— WORK TO COMPLETE —
Take the line with "В Шымкенте очистили" and every line after it in the entries below, and set them down exactly, without any pictures.

Records excerpted from a collection
****************************************

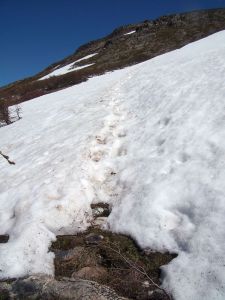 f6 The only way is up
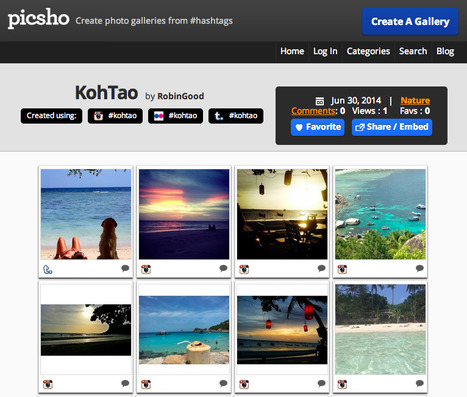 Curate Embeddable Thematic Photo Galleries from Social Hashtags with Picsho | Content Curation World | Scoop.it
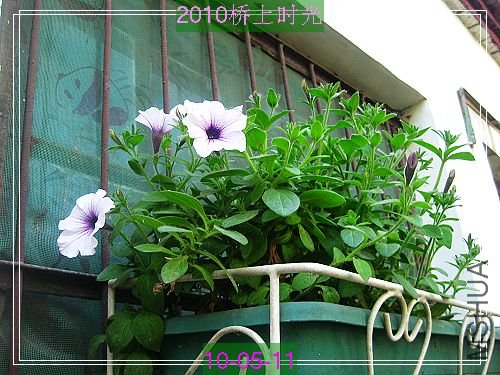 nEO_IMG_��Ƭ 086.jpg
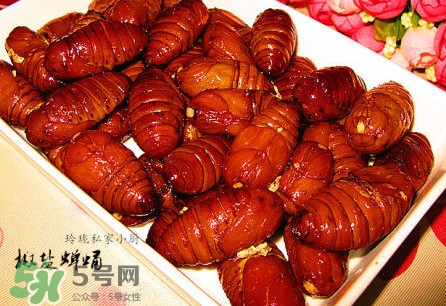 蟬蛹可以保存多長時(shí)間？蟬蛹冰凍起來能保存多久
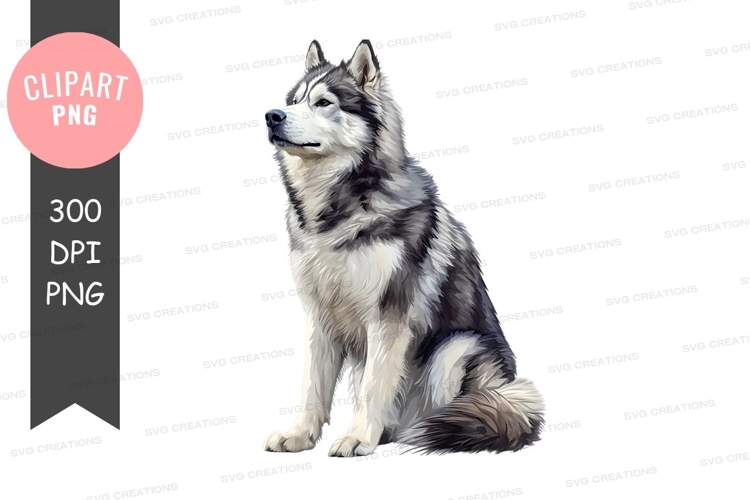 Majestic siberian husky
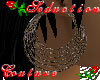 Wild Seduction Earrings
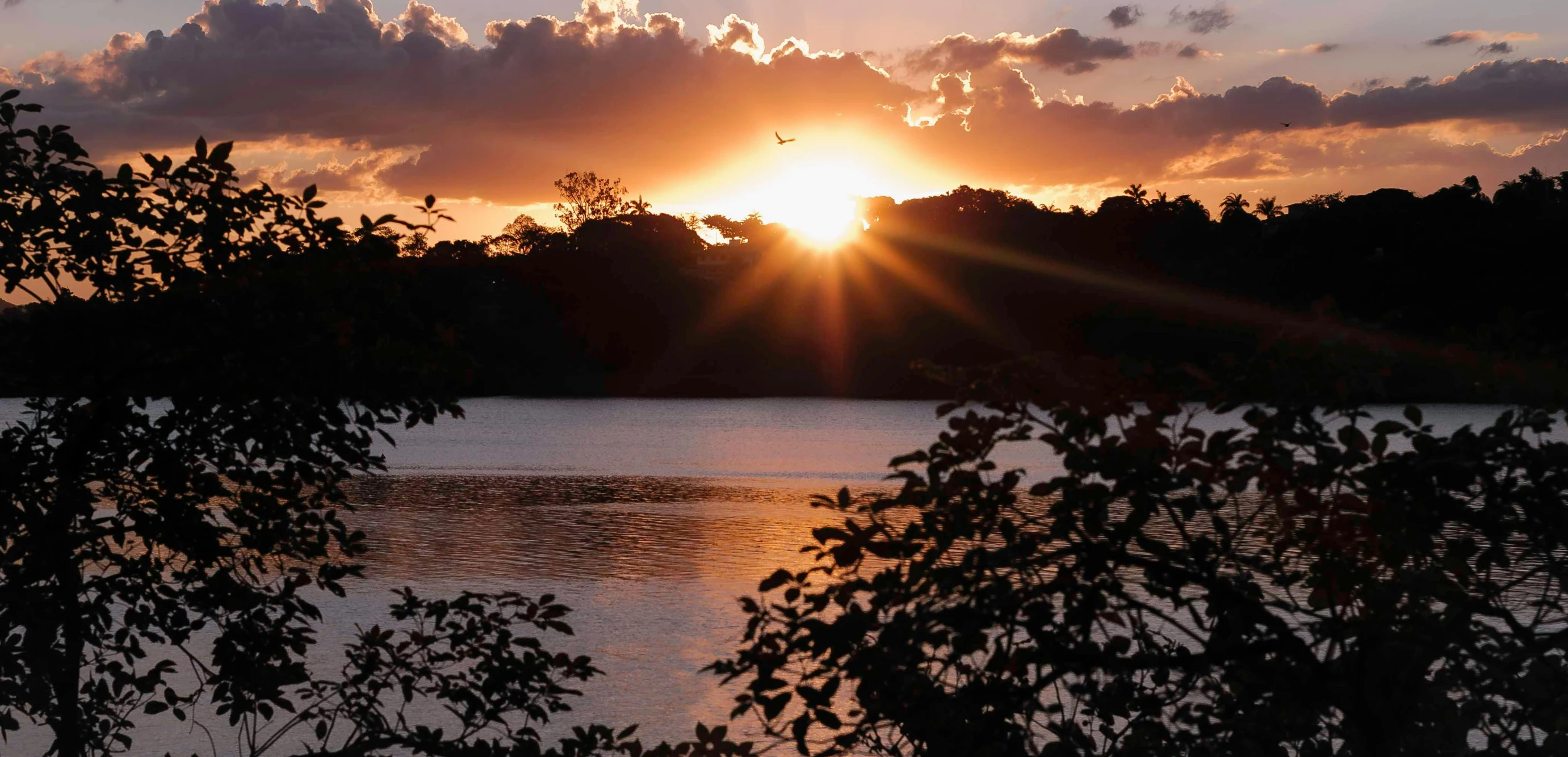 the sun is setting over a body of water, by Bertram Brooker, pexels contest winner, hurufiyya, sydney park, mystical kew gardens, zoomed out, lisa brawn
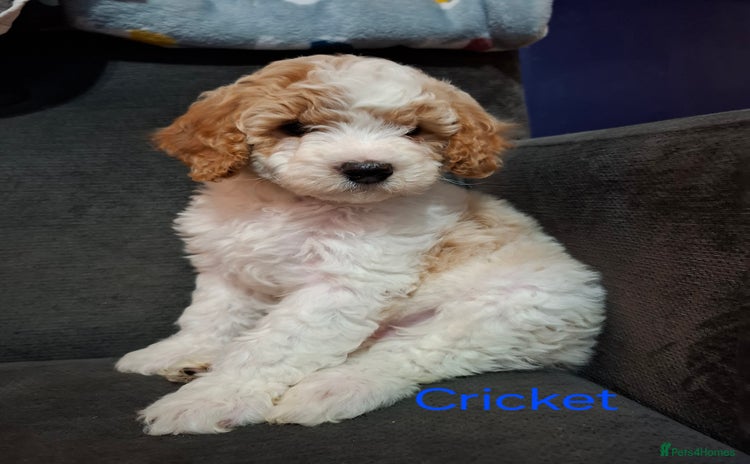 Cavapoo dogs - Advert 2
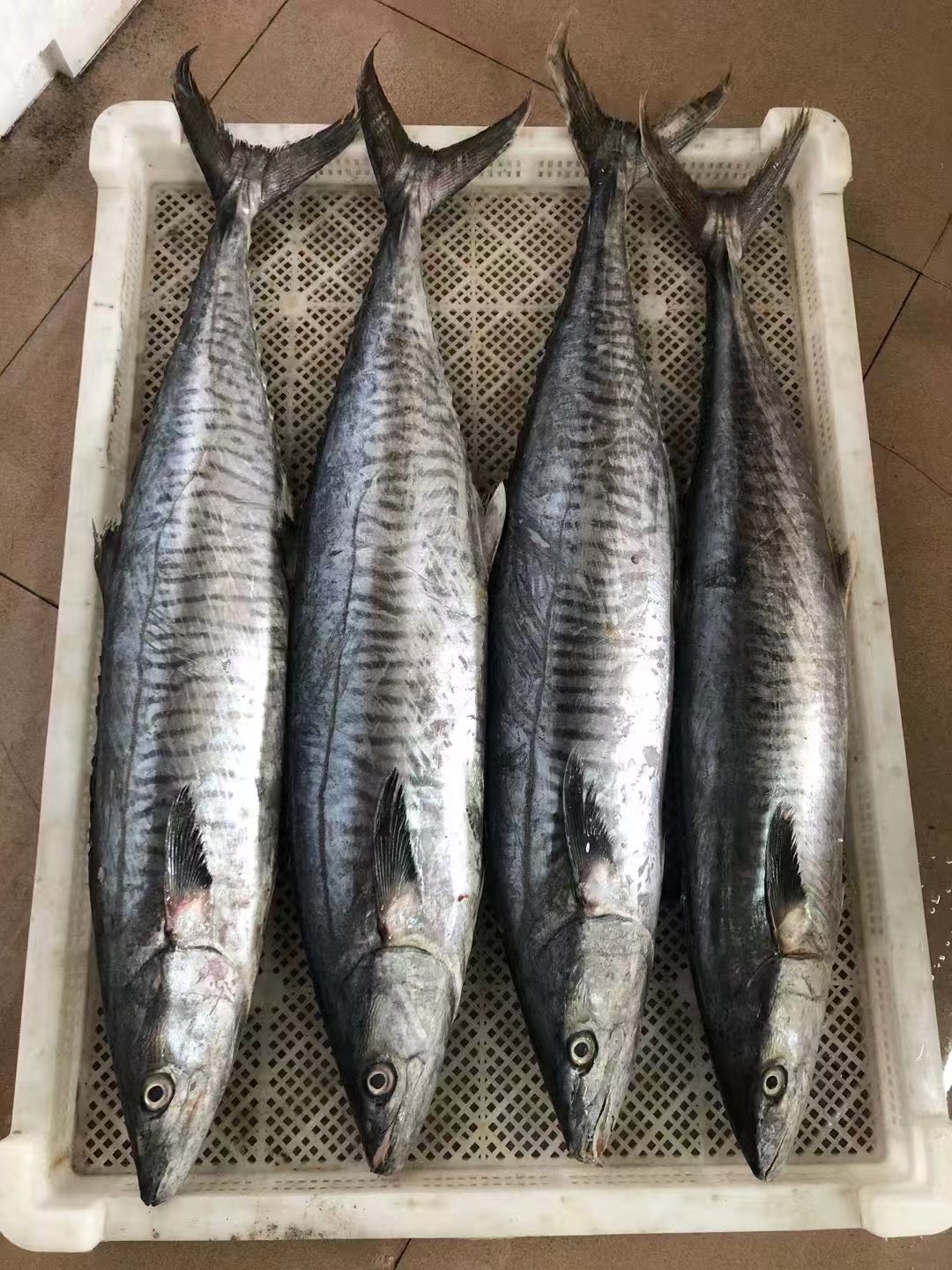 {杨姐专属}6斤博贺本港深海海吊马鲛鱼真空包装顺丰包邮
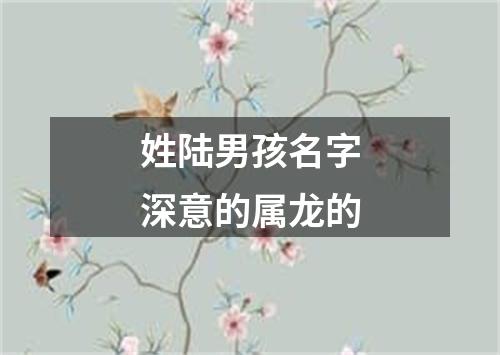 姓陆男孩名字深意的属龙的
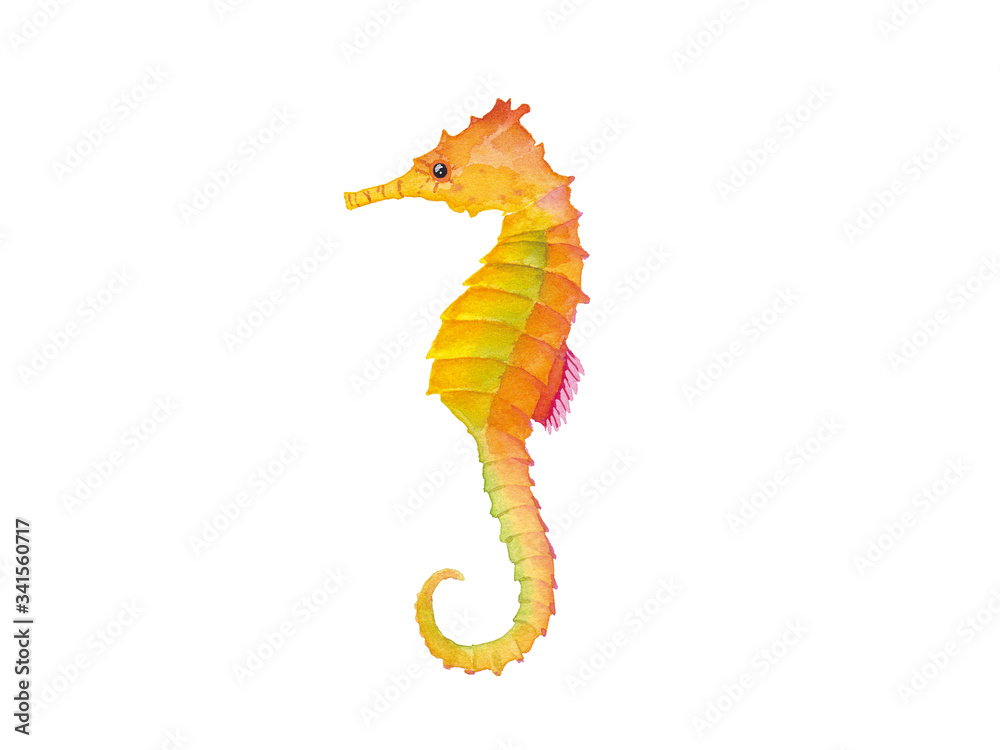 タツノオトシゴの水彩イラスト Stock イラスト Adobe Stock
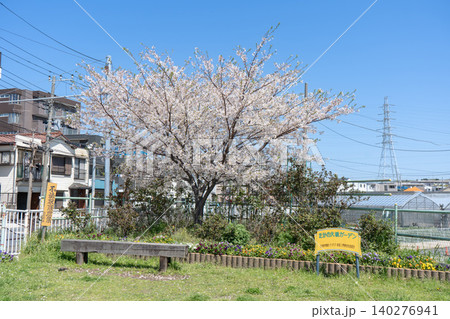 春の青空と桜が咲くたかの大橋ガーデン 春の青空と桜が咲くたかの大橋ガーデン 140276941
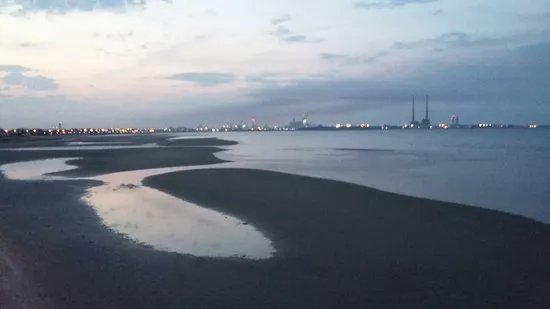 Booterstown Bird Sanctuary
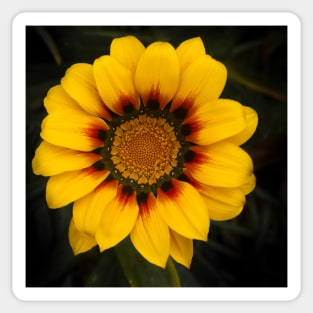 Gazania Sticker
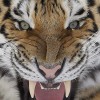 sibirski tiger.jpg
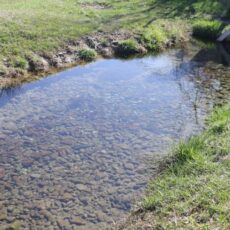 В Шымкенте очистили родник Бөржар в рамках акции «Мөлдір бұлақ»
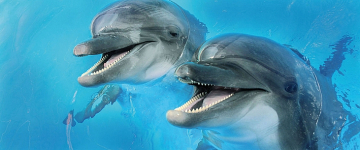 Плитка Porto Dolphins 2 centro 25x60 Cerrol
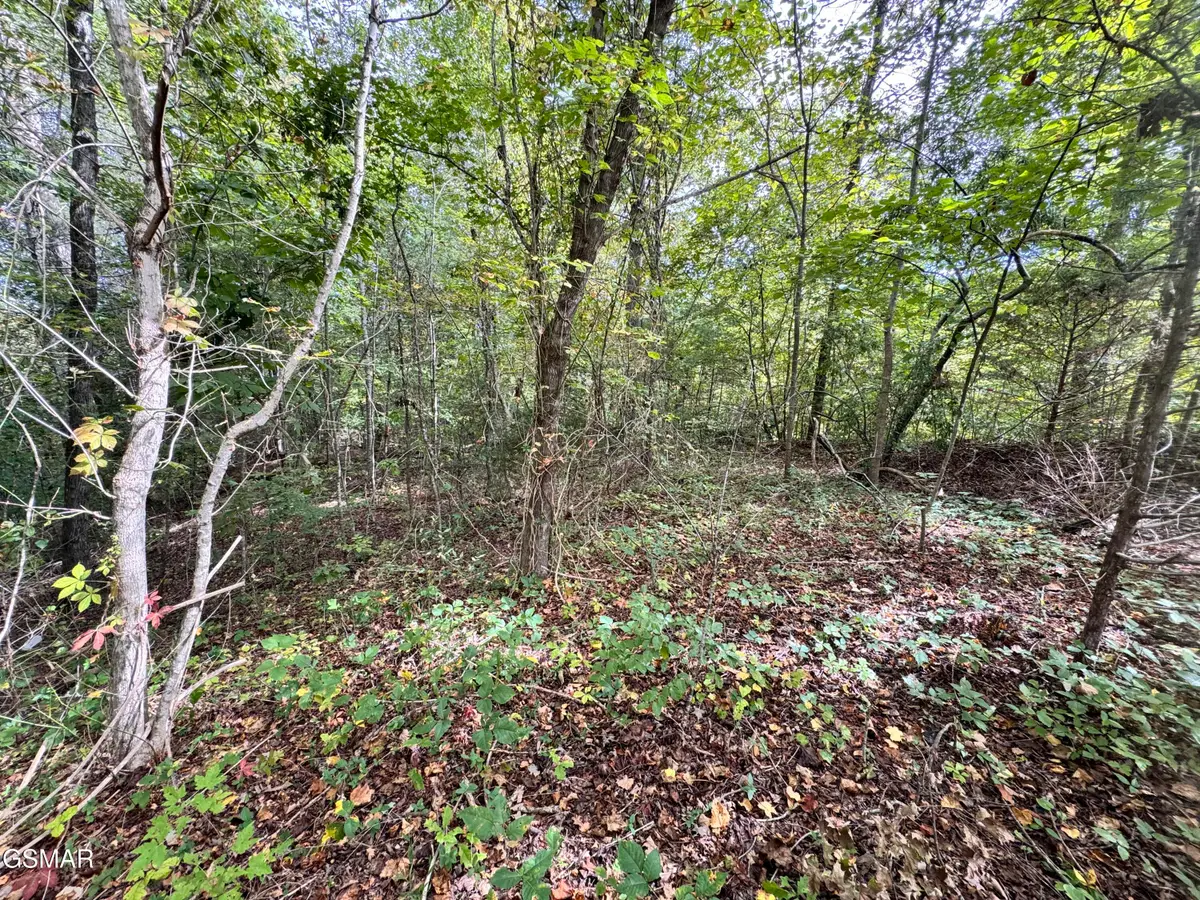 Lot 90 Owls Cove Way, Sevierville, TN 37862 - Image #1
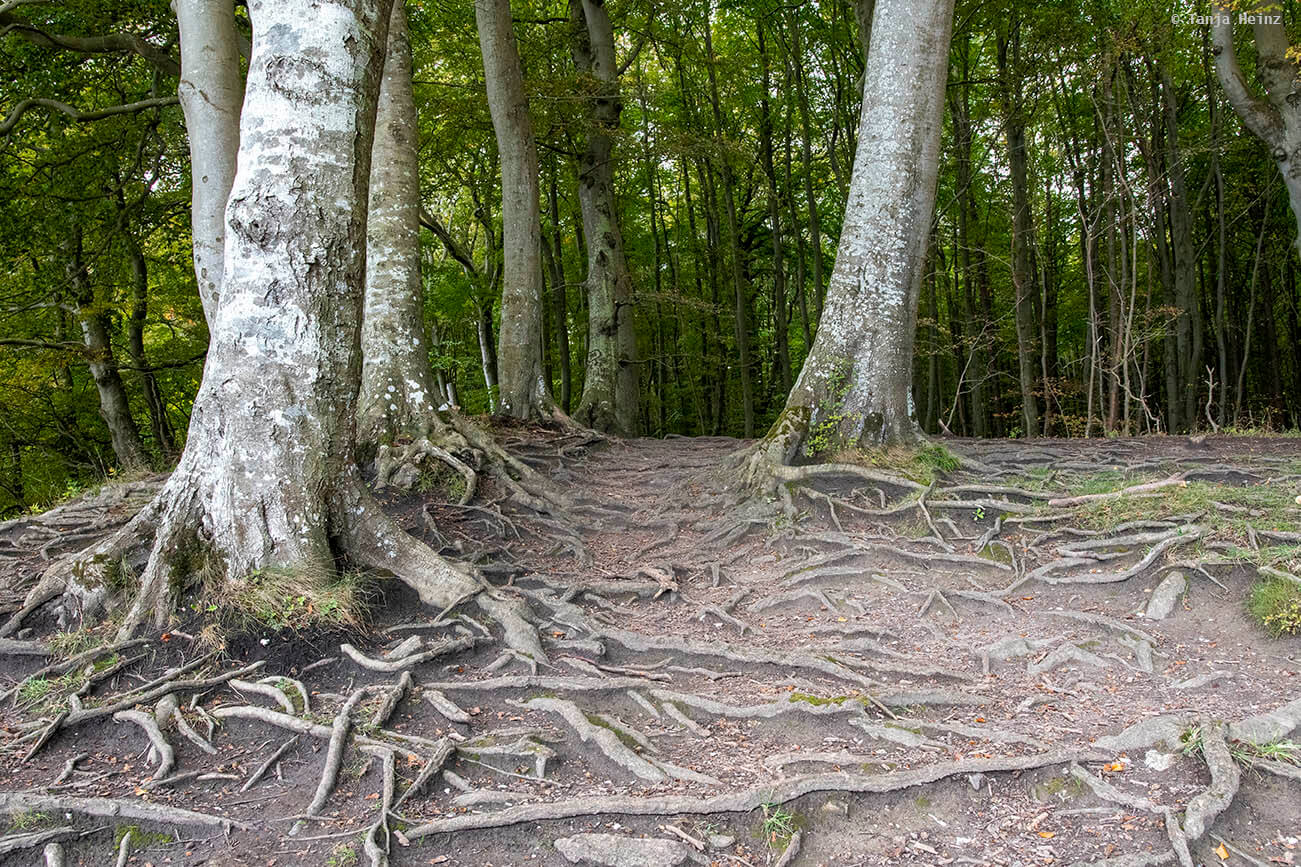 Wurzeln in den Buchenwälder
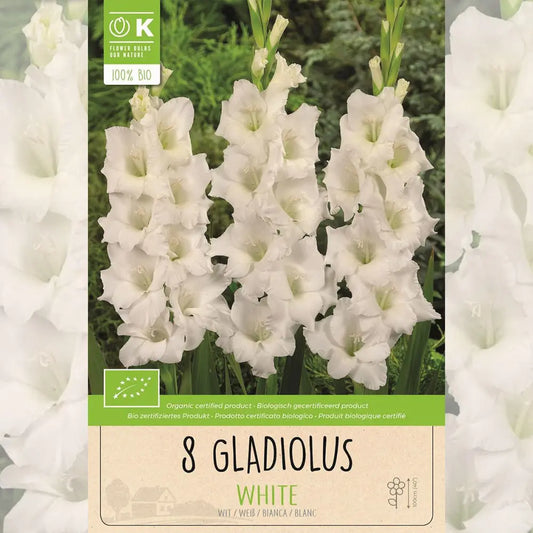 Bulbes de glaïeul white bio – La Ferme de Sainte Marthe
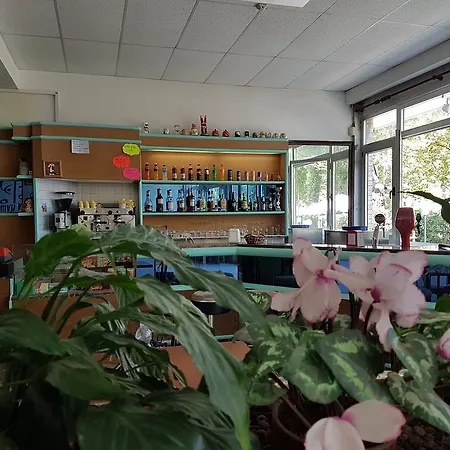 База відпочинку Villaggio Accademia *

****************************************

— ANSWER BELOW —
 В Шымкенте очистили родник Бөржар в рамках акции «Мөлдір бұлақ»
 Плитка Porto Dolphins 2 centro 25x60 Cerrol
 Lot 90 Owls Cove Way, Sevierville, TN 37862 - Image #1
 Wurzeln in den Buchenwälder
 Bulbes de glaïeul white bio – La Ferme de Sainte Marthe
 База відпочинку Villaggio Accademia *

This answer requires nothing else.